All-Star votebook: Forget-me-nots
Some who didn't make ballot worthy of consideration
Remember the old joke your friends used to play on you? You know, the one in which you tell them you're playing baseball and they cleverly crack, "Oh, what position? Left out?"
Well, after five weeks of the 2005 baseball season, quite a few players are finding themselves in that very spot because they aren't on the ballot for Major League Baseball's 76th All-Star Game, which will be played in Detroit's Comerica Park on Tuesday, July 12.
That doesn't mean they don't have a chance to be in the game, of course.
When Major League Baseball changed the All-Star Game roster selection rules in 2003, it allowed players to have a chance to vote in some of their peers.
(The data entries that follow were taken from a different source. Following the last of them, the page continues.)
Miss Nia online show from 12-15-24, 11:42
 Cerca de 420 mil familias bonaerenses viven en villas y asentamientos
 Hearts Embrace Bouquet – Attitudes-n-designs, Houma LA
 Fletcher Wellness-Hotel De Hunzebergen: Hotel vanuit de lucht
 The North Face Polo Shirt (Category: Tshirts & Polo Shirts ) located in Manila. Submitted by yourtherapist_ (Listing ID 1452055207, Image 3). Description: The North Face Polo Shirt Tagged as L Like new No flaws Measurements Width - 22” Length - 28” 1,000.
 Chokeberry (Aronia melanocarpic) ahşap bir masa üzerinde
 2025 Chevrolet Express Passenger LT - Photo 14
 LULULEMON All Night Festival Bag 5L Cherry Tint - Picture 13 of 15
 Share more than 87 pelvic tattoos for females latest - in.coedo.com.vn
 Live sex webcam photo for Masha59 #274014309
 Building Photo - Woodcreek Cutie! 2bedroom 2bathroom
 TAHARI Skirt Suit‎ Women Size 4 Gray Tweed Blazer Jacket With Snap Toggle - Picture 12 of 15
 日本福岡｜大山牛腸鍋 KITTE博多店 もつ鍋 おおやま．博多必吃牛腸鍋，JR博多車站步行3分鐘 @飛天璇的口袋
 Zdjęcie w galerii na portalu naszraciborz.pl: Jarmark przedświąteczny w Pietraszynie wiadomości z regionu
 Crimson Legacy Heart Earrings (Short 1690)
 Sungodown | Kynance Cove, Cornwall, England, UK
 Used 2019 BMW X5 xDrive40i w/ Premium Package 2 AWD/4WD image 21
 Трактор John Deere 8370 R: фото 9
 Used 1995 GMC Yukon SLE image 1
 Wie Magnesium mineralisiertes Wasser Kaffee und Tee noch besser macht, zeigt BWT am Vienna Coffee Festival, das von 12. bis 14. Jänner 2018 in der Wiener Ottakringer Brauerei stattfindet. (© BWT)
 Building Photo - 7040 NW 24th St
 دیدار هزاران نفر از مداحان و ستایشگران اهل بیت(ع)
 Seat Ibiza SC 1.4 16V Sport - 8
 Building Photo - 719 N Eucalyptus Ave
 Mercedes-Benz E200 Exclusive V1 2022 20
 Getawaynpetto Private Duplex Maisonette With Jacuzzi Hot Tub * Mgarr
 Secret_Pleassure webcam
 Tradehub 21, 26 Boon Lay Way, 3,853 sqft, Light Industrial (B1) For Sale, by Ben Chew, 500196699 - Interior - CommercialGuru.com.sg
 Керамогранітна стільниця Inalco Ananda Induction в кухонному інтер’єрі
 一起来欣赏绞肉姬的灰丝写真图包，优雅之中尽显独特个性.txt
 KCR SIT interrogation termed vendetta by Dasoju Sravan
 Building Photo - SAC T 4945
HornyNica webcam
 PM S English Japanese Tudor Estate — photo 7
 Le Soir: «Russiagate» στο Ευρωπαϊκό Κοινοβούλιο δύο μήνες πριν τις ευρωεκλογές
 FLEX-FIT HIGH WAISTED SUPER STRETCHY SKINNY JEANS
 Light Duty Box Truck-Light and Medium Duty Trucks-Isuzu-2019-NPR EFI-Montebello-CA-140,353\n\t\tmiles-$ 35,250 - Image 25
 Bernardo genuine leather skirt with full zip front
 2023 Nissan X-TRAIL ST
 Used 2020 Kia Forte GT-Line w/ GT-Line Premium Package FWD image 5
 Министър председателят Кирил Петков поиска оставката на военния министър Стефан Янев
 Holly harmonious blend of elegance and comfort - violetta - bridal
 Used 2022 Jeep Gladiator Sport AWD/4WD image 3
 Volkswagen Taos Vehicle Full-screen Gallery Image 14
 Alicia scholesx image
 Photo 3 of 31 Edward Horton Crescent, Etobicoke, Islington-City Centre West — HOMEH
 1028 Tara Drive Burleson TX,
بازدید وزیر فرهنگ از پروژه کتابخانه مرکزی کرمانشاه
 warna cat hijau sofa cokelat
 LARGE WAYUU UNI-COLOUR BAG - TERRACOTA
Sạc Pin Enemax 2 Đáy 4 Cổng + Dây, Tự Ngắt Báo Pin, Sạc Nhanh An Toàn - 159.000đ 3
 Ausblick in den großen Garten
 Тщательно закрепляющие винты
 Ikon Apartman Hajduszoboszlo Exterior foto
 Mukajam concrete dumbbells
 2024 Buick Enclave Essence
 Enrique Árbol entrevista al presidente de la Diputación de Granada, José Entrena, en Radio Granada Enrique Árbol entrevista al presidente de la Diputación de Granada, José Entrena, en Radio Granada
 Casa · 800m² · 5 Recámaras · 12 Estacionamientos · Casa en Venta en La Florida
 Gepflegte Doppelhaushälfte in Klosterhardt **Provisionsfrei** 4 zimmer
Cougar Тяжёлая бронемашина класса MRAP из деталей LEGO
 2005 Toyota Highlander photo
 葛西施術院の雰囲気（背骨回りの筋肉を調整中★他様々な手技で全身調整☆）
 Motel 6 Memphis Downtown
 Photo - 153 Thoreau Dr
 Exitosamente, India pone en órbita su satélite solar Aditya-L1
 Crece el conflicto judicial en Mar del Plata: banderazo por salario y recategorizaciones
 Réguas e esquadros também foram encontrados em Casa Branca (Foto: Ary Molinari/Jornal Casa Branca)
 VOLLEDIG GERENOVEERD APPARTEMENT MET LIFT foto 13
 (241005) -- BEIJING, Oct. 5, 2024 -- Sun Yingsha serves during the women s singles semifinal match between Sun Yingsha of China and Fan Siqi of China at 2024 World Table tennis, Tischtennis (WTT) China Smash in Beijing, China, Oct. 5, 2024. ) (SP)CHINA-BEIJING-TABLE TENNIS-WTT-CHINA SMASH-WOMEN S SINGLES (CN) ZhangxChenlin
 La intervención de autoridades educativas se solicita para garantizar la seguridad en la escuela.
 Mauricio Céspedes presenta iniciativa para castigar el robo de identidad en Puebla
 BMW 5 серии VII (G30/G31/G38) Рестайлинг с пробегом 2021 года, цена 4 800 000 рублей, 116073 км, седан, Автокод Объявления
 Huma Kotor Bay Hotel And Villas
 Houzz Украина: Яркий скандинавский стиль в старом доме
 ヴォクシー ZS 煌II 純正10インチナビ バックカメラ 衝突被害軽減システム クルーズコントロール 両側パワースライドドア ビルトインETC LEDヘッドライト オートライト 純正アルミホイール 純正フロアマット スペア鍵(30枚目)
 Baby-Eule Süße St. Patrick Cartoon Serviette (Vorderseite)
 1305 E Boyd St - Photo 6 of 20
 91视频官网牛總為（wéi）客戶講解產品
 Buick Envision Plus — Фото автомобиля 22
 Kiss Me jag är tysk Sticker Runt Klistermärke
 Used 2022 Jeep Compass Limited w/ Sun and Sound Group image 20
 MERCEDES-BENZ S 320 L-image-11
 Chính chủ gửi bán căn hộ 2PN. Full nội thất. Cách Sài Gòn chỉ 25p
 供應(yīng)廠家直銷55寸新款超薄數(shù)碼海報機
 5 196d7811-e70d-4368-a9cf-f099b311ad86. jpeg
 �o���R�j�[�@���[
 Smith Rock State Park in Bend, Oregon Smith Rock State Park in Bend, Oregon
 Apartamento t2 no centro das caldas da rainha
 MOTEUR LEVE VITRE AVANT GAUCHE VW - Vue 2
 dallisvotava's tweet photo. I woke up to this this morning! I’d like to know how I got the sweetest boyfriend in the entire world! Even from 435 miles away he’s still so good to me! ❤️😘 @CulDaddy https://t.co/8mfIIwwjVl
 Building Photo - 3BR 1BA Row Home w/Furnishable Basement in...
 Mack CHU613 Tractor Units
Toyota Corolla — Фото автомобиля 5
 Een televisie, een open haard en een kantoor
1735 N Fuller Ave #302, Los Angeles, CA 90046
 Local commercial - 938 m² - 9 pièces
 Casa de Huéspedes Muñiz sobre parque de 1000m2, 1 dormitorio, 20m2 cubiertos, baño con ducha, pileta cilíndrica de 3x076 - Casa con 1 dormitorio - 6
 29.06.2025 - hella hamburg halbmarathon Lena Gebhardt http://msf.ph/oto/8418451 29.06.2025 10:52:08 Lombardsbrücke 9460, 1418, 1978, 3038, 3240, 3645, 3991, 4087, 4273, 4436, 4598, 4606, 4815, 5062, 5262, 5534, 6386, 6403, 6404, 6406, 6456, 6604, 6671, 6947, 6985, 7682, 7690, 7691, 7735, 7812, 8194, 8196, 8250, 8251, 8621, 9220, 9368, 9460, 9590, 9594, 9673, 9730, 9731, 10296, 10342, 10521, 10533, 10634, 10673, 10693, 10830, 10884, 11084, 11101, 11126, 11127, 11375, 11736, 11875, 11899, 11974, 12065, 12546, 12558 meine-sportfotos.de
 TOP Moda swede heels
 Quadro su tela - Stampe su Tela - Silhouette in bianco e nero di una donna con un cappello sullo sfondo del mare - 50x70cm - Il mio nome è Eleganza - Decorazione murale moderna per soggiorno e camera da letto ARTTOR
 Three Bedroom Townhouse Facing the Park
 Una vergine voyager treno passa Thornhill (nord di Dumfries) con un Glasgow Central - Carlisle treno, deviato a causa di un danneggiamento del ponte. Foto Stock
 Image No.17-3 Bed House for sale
And as for fan participation for the "left out" position, there's always the write-in campaign and the popular Ameriquest All-Star Final Vote, which will determine the 32nd and final name on each roster.
Here's a heady top-10 list of players not on the official list ... so far.
1. Neifi Perez, SS, Cubs: With Nomar Garciaparra out for months with a serious groin injury, Perez has stepped in and assumed control at shortstop for the Cubs. He's batting .297 with four home runs and 13 RBIs and has scored 13 runs, giving him stats that stack up with the best shortstops in the National League so far.
2. Pedro Feliz, OF, Giants: They call him "Happy Pete," and he's making his teammates happy with his stellar play in the Giants' injury-weakened outfield. Feliz entered Monday with a .319 batting average and five homers. He's also got 26 RBIs, easily the most on his team.
3. Brad Hawpe, OF, Rockies: Not many people knew his name at the beginning of the year, but the Colorado rookie has seized a starting spot and is hitting .343 with four homers and 14 RBIs.
4. Xavier Nady, OF/IF, Padres: The Padres call him "X" and he's been an X-factor for them early with four homers and 12 RBIs. Manager Bruce Bochy has said the team will get him starts against lefty pitchers all year, so look for X to get time in all three outfield positions plus third base and first.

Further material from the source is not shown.